Na ten moment odbyły i odbywają się kontrole w ramach zebrania materiału dowodowego. Jedna z takich procedur miała miejsce w siedzibie jednej ze spółek Sony oraz u dwóch twórców i wydawców gier wideo w Polsce. Dopiero analiza zebranych danych pozwoli odpowiedzieć na pytanie, czy wymienione podmioty faktycznie stosowały praktyki utrudniające konkurencję innym firmom. Może to być np. stosowanie niedozwolonych porozumień albo wykorzystywanie dominującej pozycji na rynku. To zaś mogło spowodować wykluczanie innych platform, zbyt wysoką eksploatację twórców i wydawców gier, a także zawyżanie cen gier, co oczywiście zostało przerzucone na ostatnie ogniwo w całym łańcuchu cyfrowej dystrybucji, czyli graczy.

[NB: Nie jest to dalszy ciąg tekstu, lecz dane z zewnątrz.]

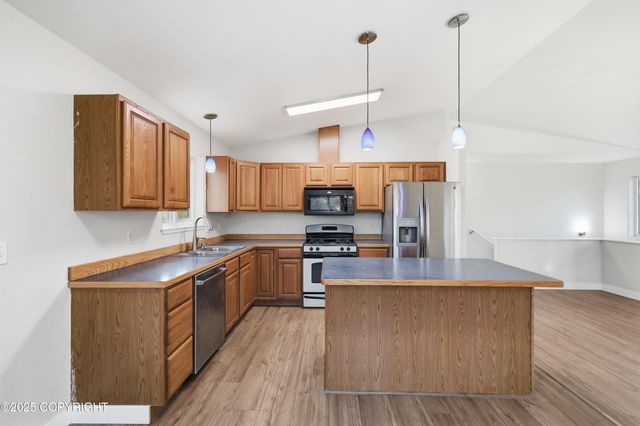 6005 N Little Rock Circle, Wasilla, AK 99654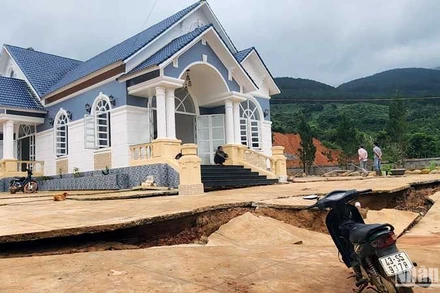 Nhiều ngôi nhà ở khu vực dự án hồ chứa nước Đông Thanh bị sụt lún, nứt nẻ do sạt trượt đất.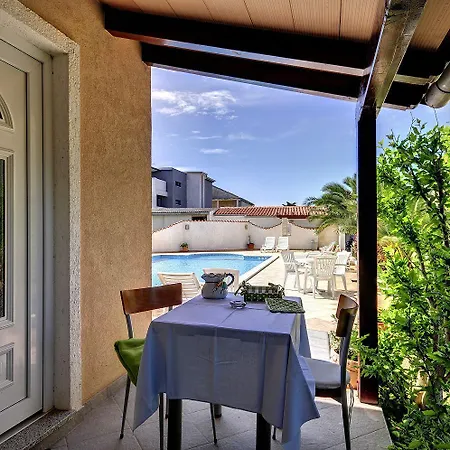 Zum Sandstrand Sind Es Wenige Gehminuten - Geniessen Sie Aber Auch Zeit Am Pool Appartement *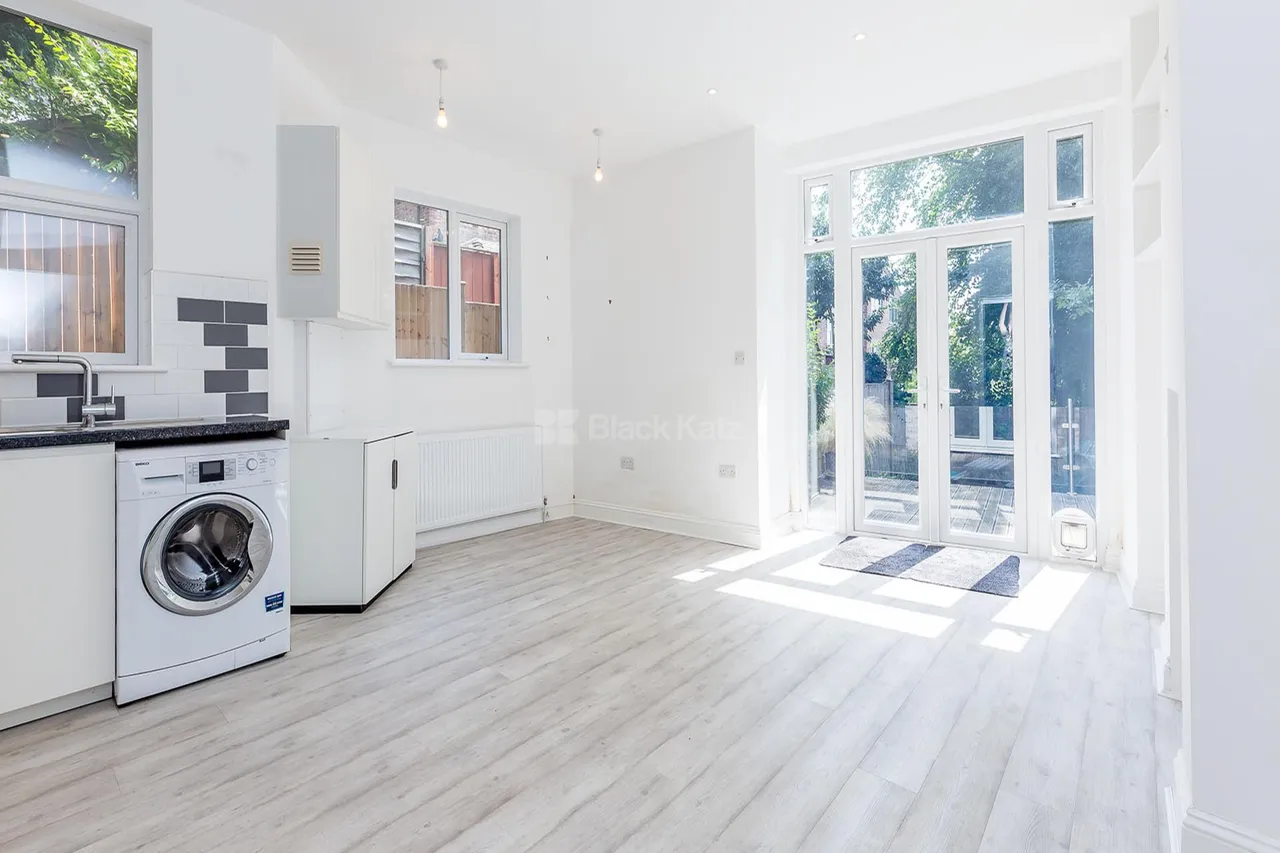 2 bed flat to rent, Alexandra Gardens, N10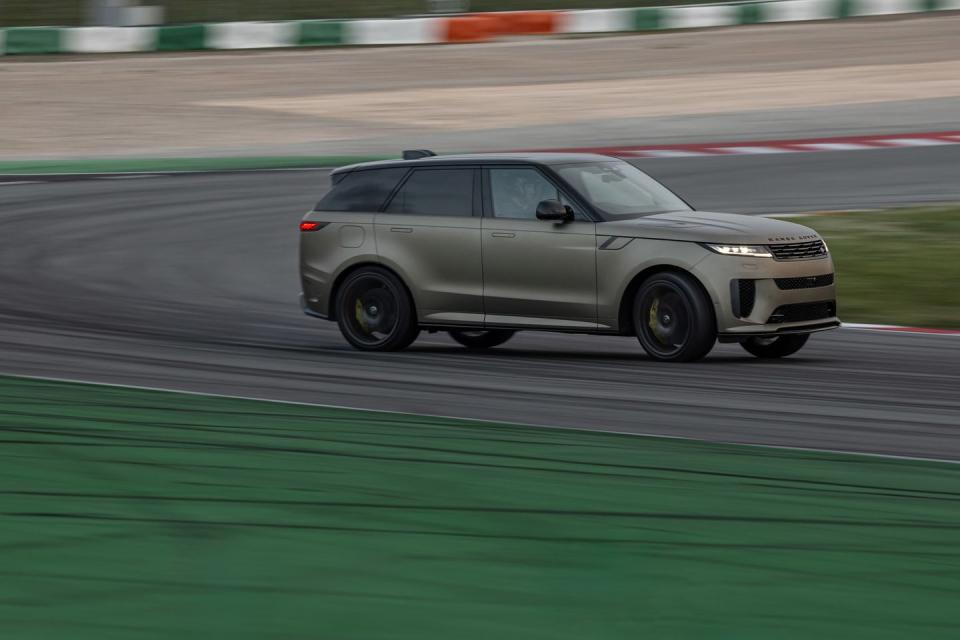 2024 land rover range rover sport sv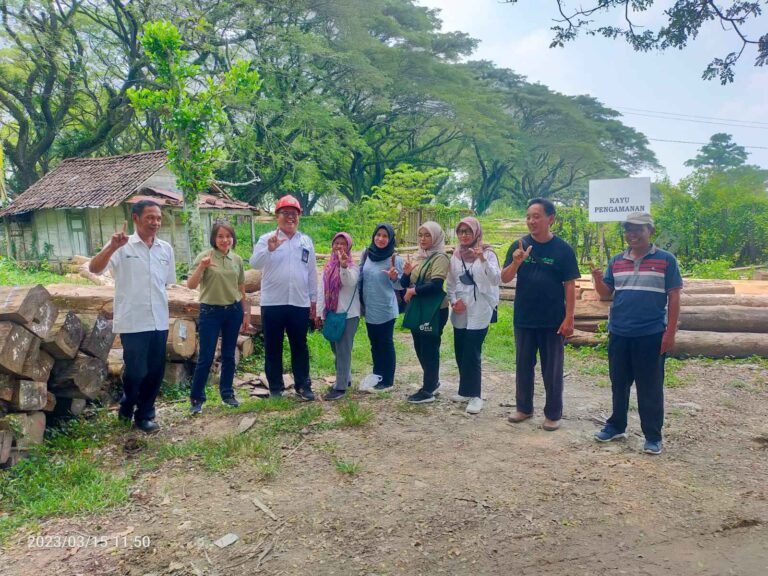 Perhutani Randublatung Terima Auditor PT BRIK Quality Service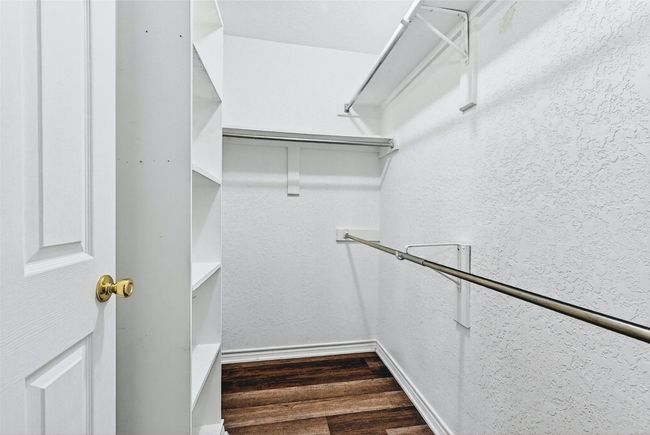 2107 Meadows Cir, House other with 3 bedrooms, 2 bathrooms and null parking in Sherman TX | Image 20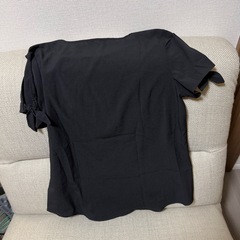 Banana Republic 袖がリボンの黒トップスの画像
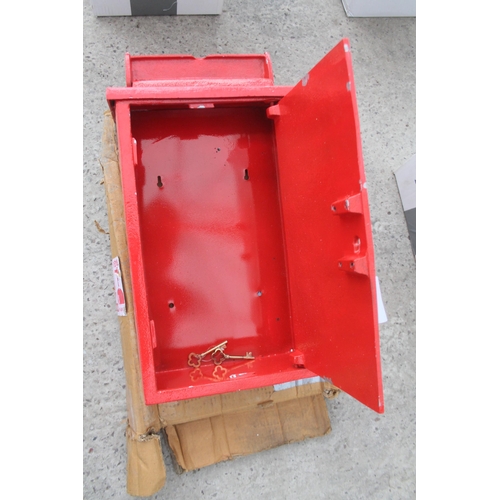 424 - RED ER POST BOX  + VAT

Jeżeli postępowanie wyjaśniające wskaże, że kontrolowane podmioty faktycznie utrudniały prowadzenie interesu innym, mniejszym graczom, a także wydawcom i twórcom gier, wtedy zostanie wszczęte postępowanie antymonopolowe i dojdzie do postawienia konkretnych zarzutów konkretnym przedsiębiorstwom. Kara jaka grozi sprawcom antykonkurencyjnych działań może wynieść 10% wartości obrotów przedsiębiorcy, a menadżerowie odpowiedzialni za proceder i biorący udział w porozumieniu mogą otrzymać karę pieniężną w wysokości nawet do 2 mln złotych.

Trzeba jednak cierpliwie czekać, gdyż tego typu sprawy nierzadko trwają latami.